→ **WHAT TO DO**
Repeat, word for word, each of the records shown below, without their pictures.

→ **MATERIAL SHOWN**

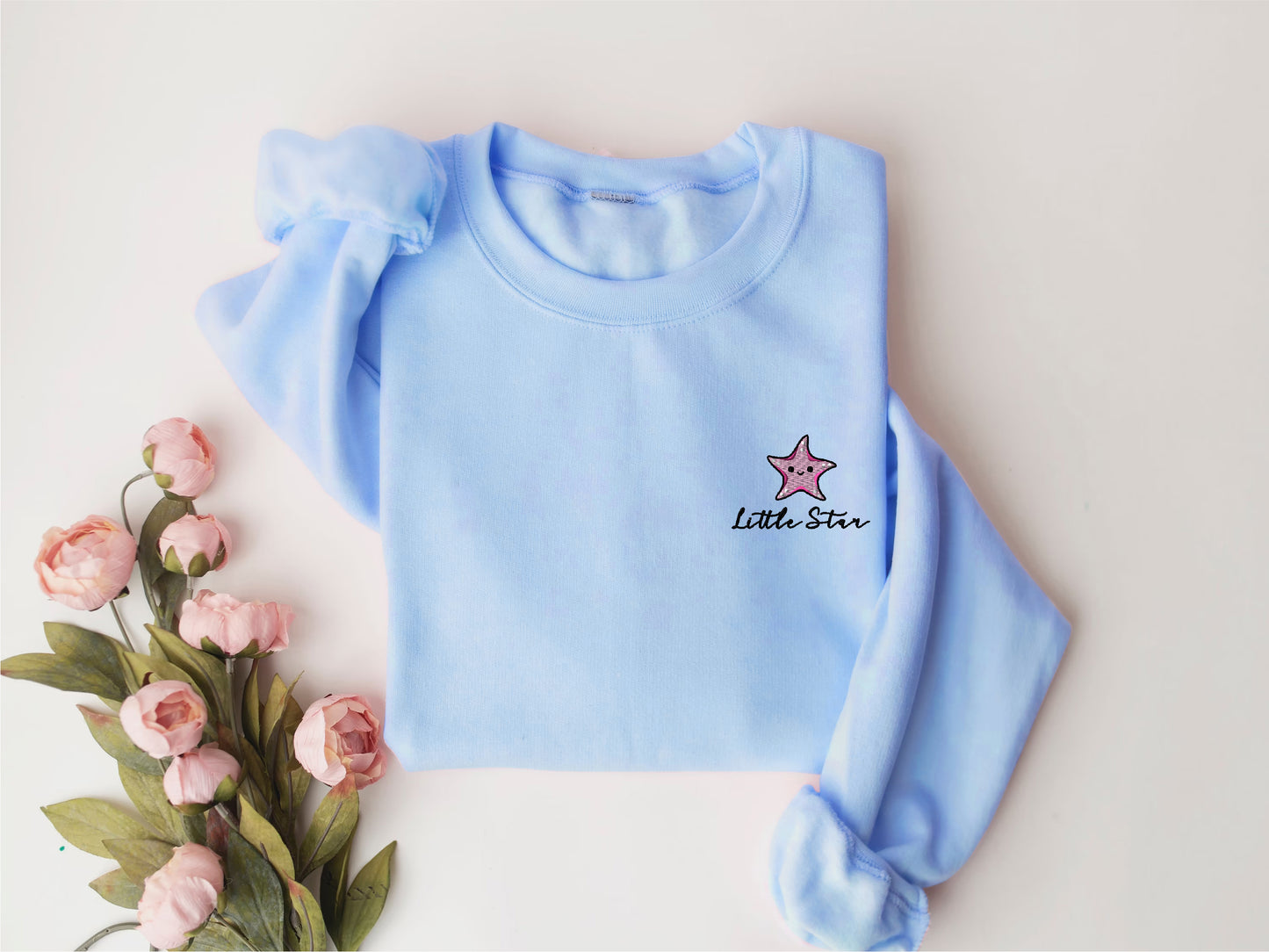 a blue sweater with a star embroidered on it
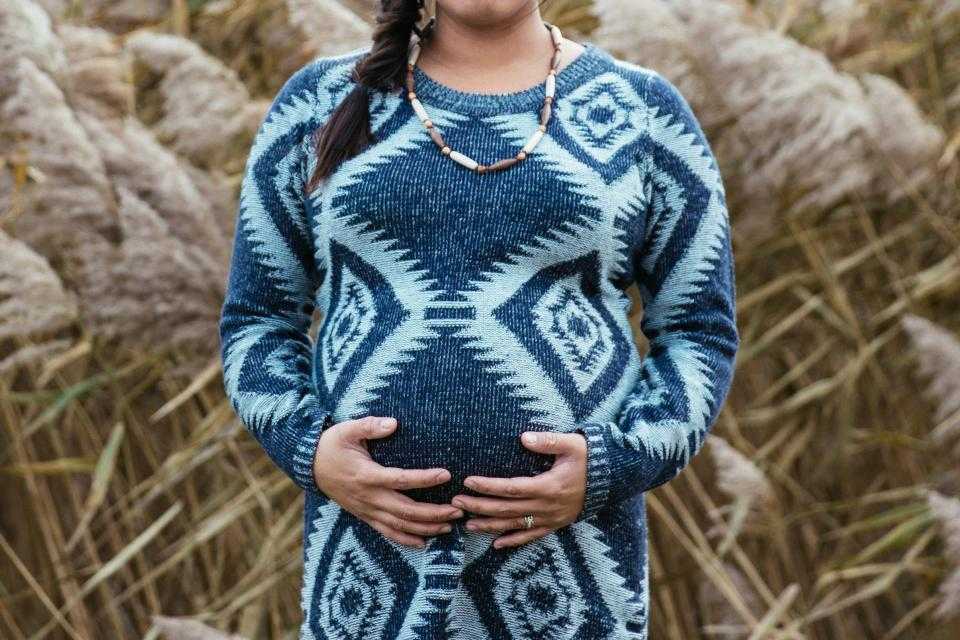 Soft patterned knit sweater worn over a rounded belly, comfortable styling for a changing midsection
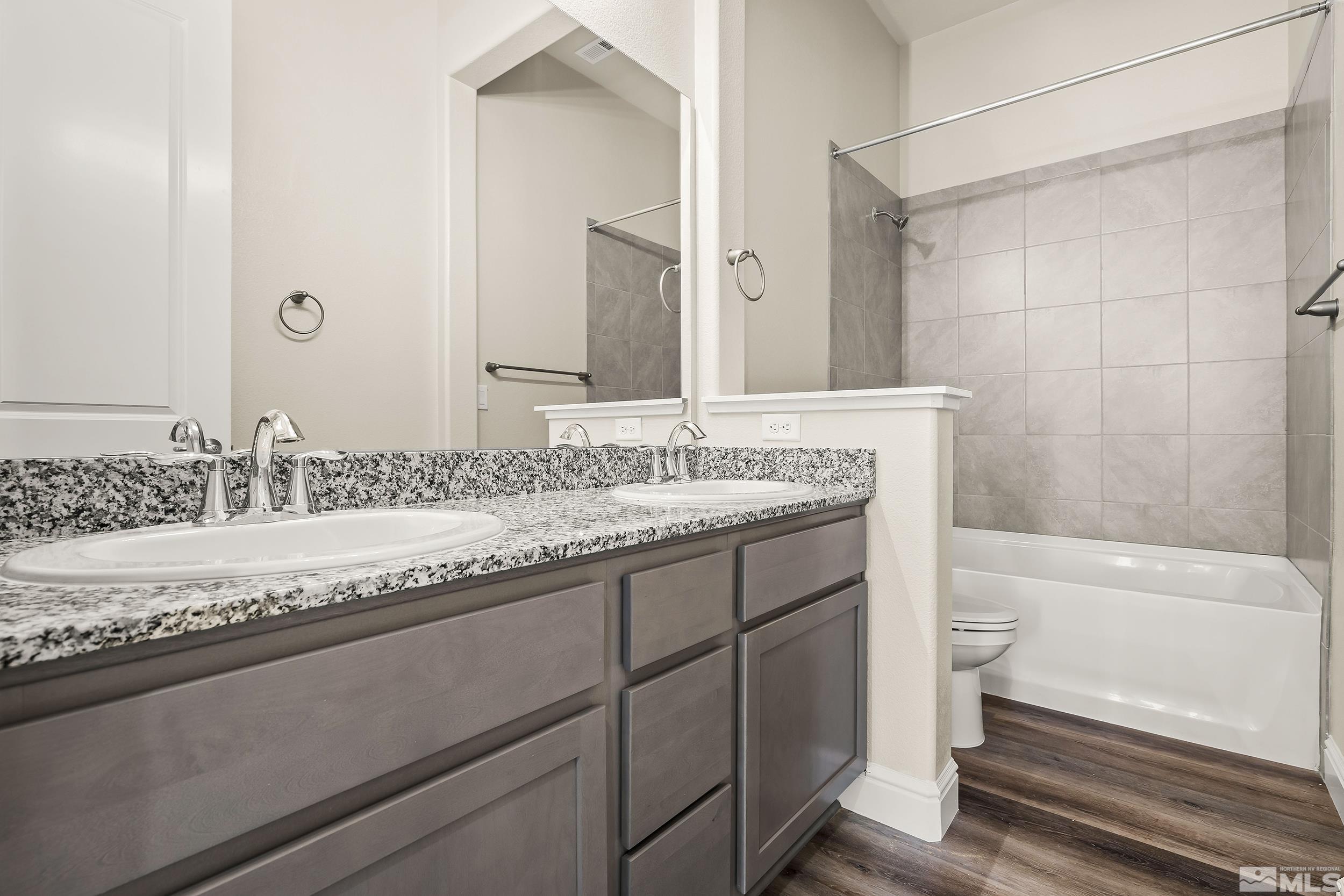11048 Athabasca Drive Reno, NV 89506 - Photo 2 of 16 a bathroom with a granite countertop bathtub sink vanity and toilet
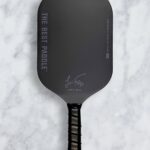 Jamie Foxx Instagram - Dropping The All New (Limited) TBP 16mm Eva Core X - Jamie Foxx Signature Paddle! This sleek design features a 16mm thickness with EVA Core X Technology for optimal performance on the court. The EVA foam core provides a dampened sound that is unlike any other paddle. The unibody carbon fiber edgeless mold provides even more strength to the paddle overall. The all-black design is accented with Jamie Foxx's signature for a touch of style. This paddle probably has the most powerful punch packed into a pickleball paddle that's currently on the market. The larger sweet spot allows for more power and controlled dink accuracy. It ships in an all new black box. *Please not that this paddle is for recreational play only. USAPA sanctioned tournaments currently won't allow this paddle technology due to the powerful deflection. Elevate your game with this top-of-the-line paddle! #pickleball #jamiefoxx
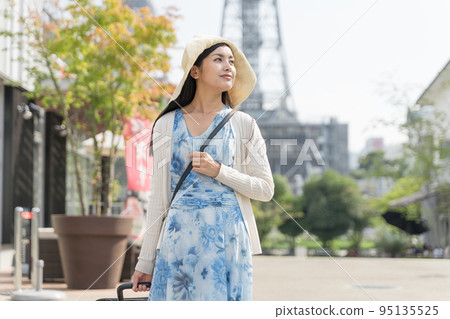 A young woman pulling a suitcase and sightseeing in Nagoya 95135525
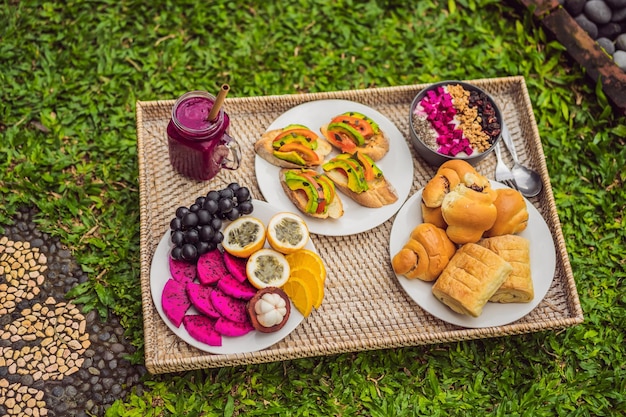 Petit-déjeuner sur un plateau avec des petits pains aux fruits sandwichs à l'avocat bol de smoothie debout sur l'herbe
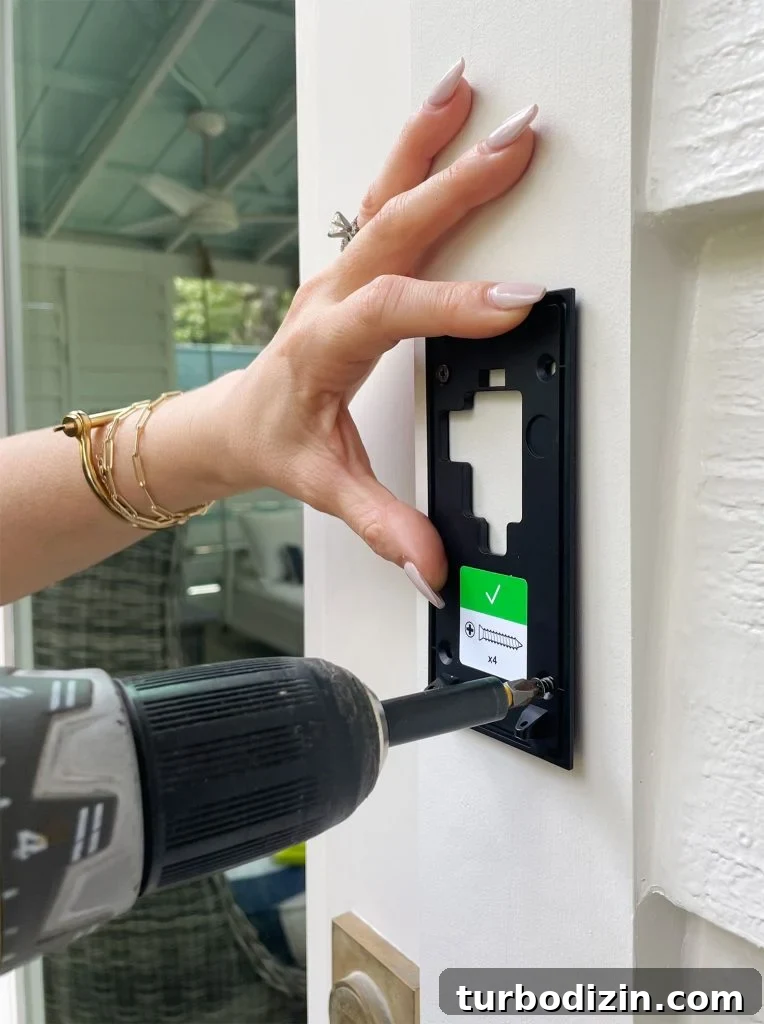 Install Your Ring Doorbell in 5 Simple Steps 10 Screwing Ring Doorbell Mounting Plate To Front Door Frame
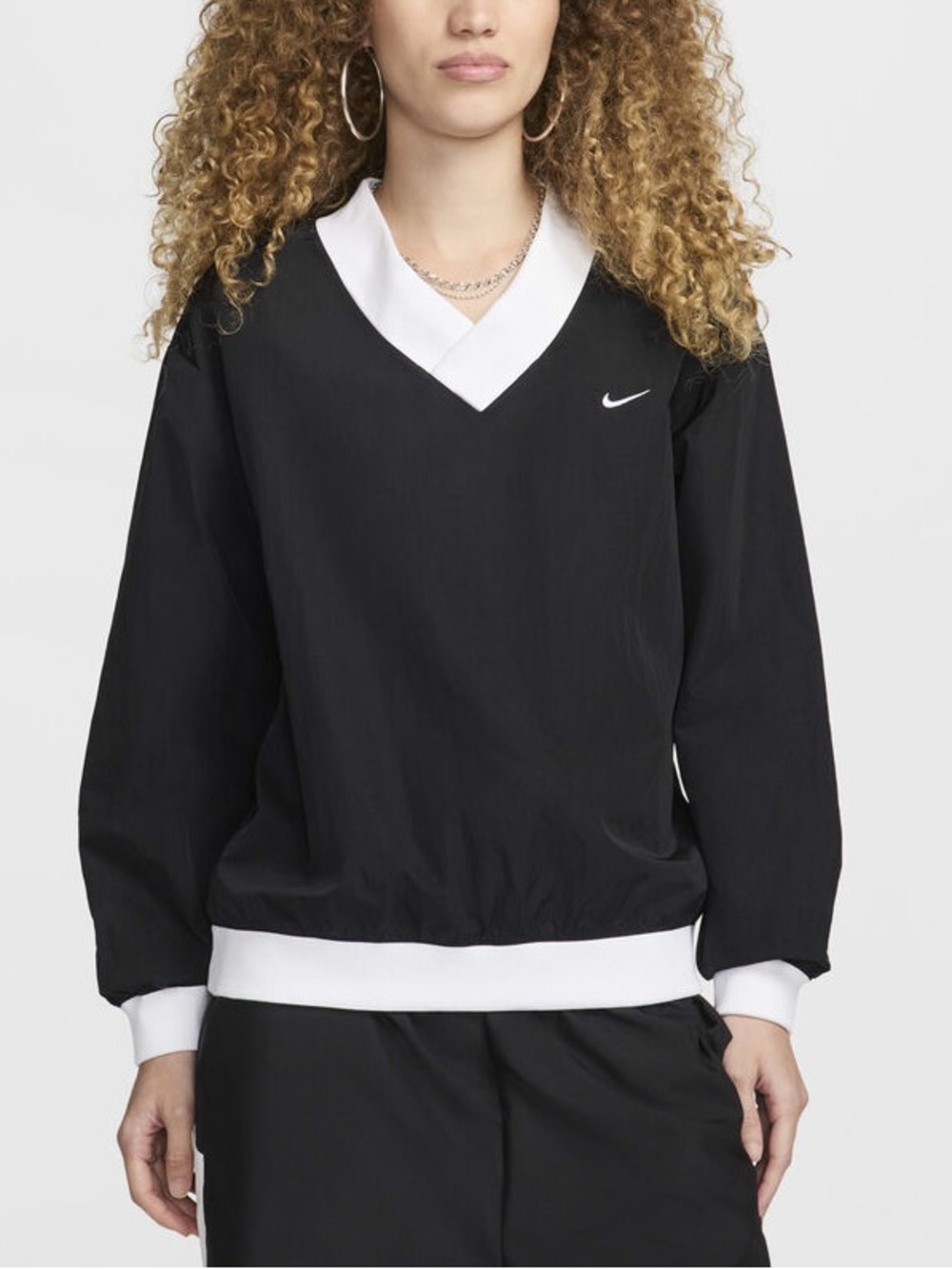 Nike Sportswear Essential
Women's Loose UV Woven Long-Sleeve V-Neck sweater top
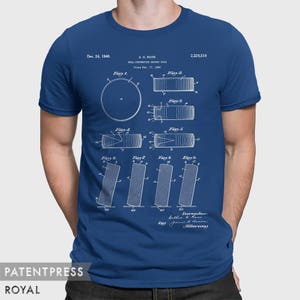 May include: A blue t-shirt with a white print of a patent for a "Roll-Preventing Hockey Puck" dated December 24, 1940. The patent drawing shows different views of the puck, with the text "A.H. Ross" and "2,226,516" printed above the drawing.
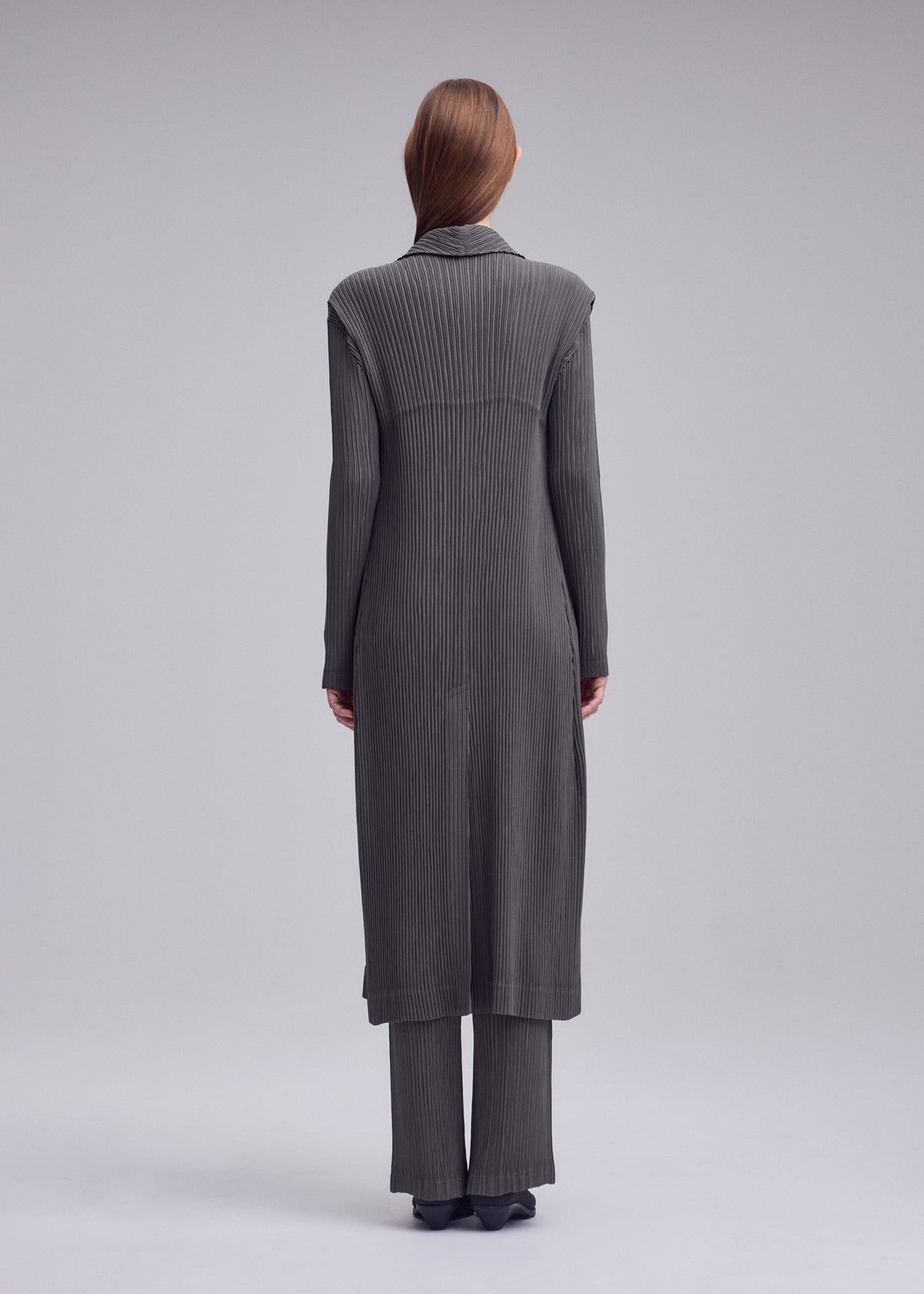 A person stands facing away, wearing ISSEY MIYAKE’s HATCHING PLEATS long vest and wide-leg pants in dark gray with a textured finish, paired with black shoes against a plain gray background. view 4 of 5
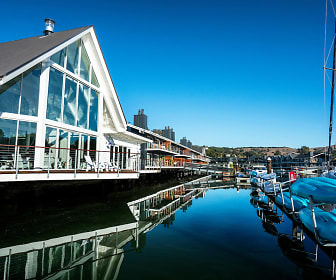 view of building exterior featuring a water view, The Cove At Tiburon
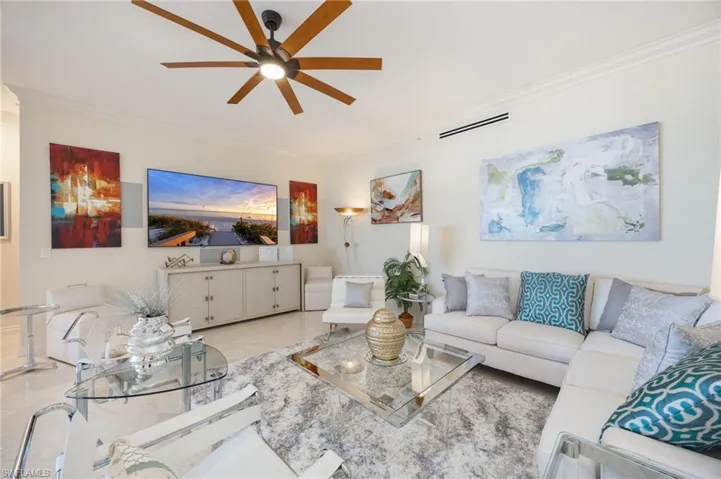 Living area featuring crown molding and ceiling fan
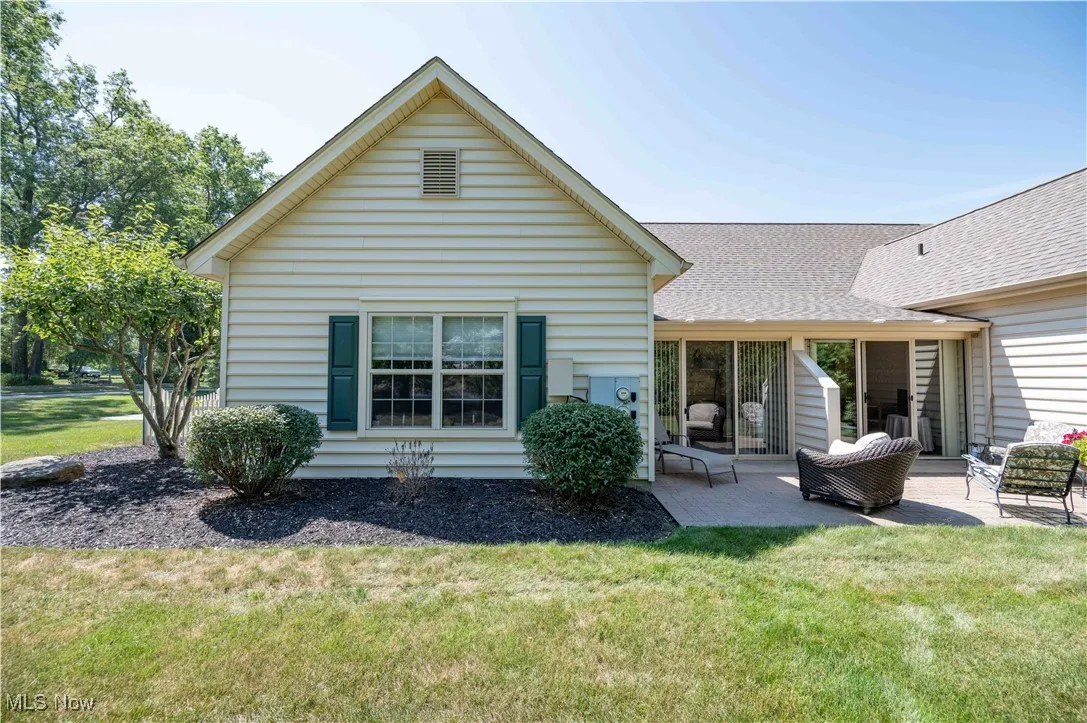 Rear view of property with a patio area and landscaping.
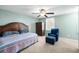 Spacious bedroom with a king-size bed and sitting area at 1101 Reserve Way, Summerville, SC 29485
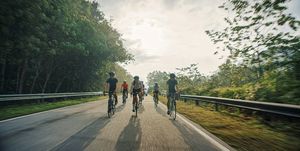 asian chinese cyclist team cycling in rural area during weekend morning backlit warm light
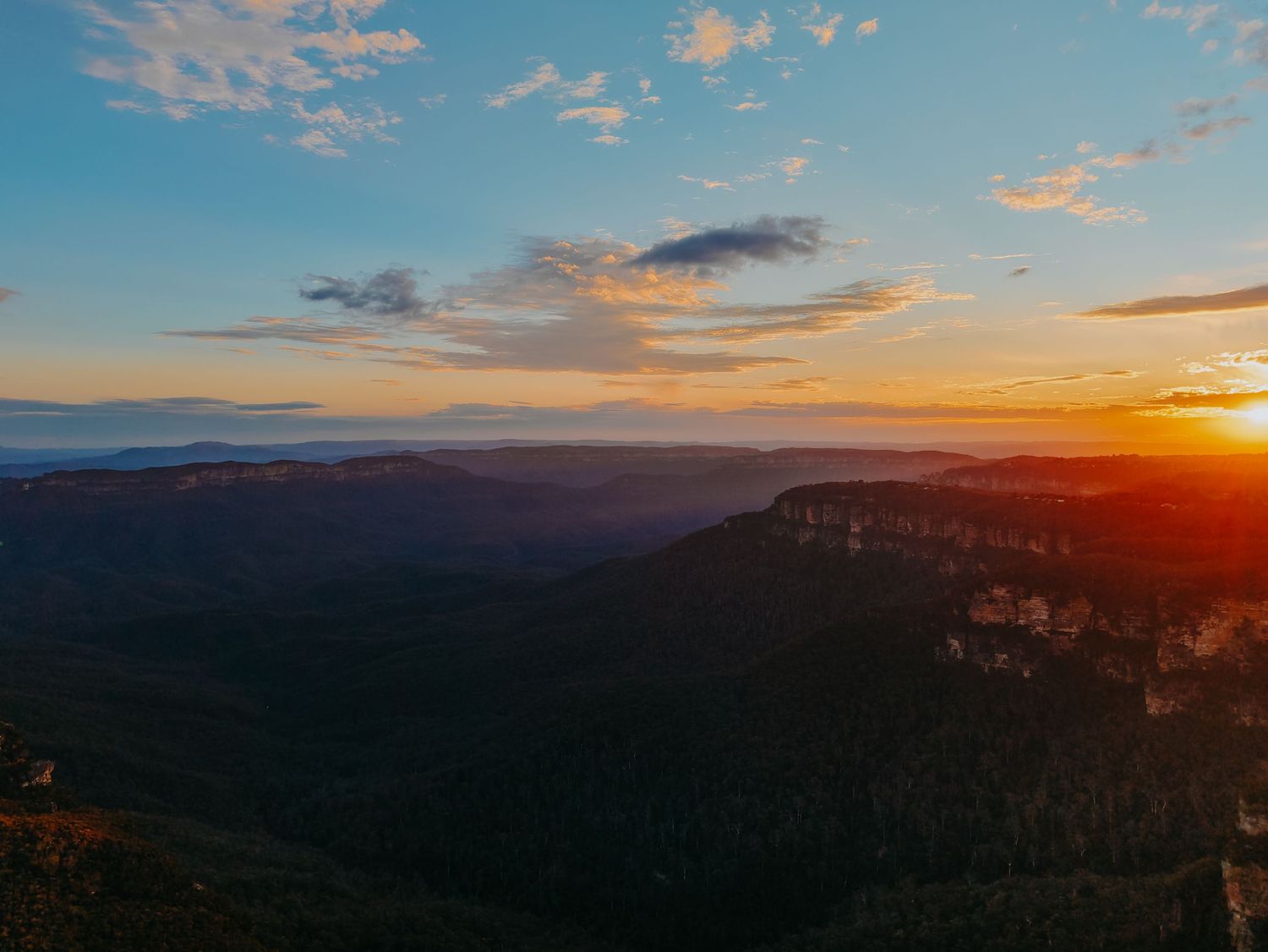 Dramatic mountain sunset with golden light illuminating clouds over rocky cliffs.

→ **WRITTEN RESPONSE**
 a blue sweater with a star embroidered on it
 Soft patterned knit sweater worn over a rounded belly, comfortable styling for a changing midsection
11048 Athabasca Drive Reno, NV 89506 - Photo 2 of 16 a bathroom with a granite countertop bathtub sink vanity and toilet
 Jamie Foxx Instagram - Dropping The All New (Limited) TBP 16mm Eva Core X - Jamie Foxx Signature Paddle! This sleek design features a 16mm thickness with EVA Core X Technology for optimal performance on the court. The EVA foam core provides a dampened sound that is unlike any other paddle. The unibody carbon fiber edgeless mold provides even more strength to the paddle overall. The all-black design is accented with Jamie Foxx's signature for a touch of style. This paddle probably has the most powerful punch packed into a pickleball paddle that's currently on the market. The larger sweet spot allows for more power and controlled dink accuracy. It ships in an all new black box. *Please not that this paddle is for recreational play only. USAPA sanctioned tournaments currently won't allow this paddle technology due to the powerful deflection. Elevate your game with this top-of-the-line paddle! #pickleball #jamiefoxx
 A young woman pulling a suitcase and sightseeing in Nagoya 95135525
 Petit-déjeuner sur un plateau avec des petits pains aux fruits sandwichs à l'avocat bol de smoothie debout sur l'herbe
 Install Your Ring Doorbell in 5 Simple Steps 10 Screwing Ring Doorbell Mounting Plate To Front Door Frame
 Nike Sportswear Essential
Women's Loose UV Woven Long-Sleeve V-Neck sweater top
 May include: A blue t-shirt with a white print of a patent for a "Roll-Preventing Hockey Puck" dated December 24, 1940. The patent drawing shows different views of the puck, with the text "A.H. Ross" and "2,226,516" printed above the drawing.
 A person stands facing away, wearing ISSEY MIYAKE’s HATCHING PLEATS long vest and wide-leg pants in dark gray with a textured finish, paired with black shoes against a plain gray background. view 4 of 5
 view of building exterior featuring a water view, The Cove At Tiburon
 Living area featuring crown molding and ceiling fan
 Rear view of property with a patio area and landscaping.
 Spacious bedroom with a king-size bed and sitting area at 1101 Reserve Way, Summerville, SC 29485
 asian chinese cyclist team cycling in rural area during weekend morning backlit warm light
 Dramatic mountain sunset with golden light illuminating clouds over rocky cliffs.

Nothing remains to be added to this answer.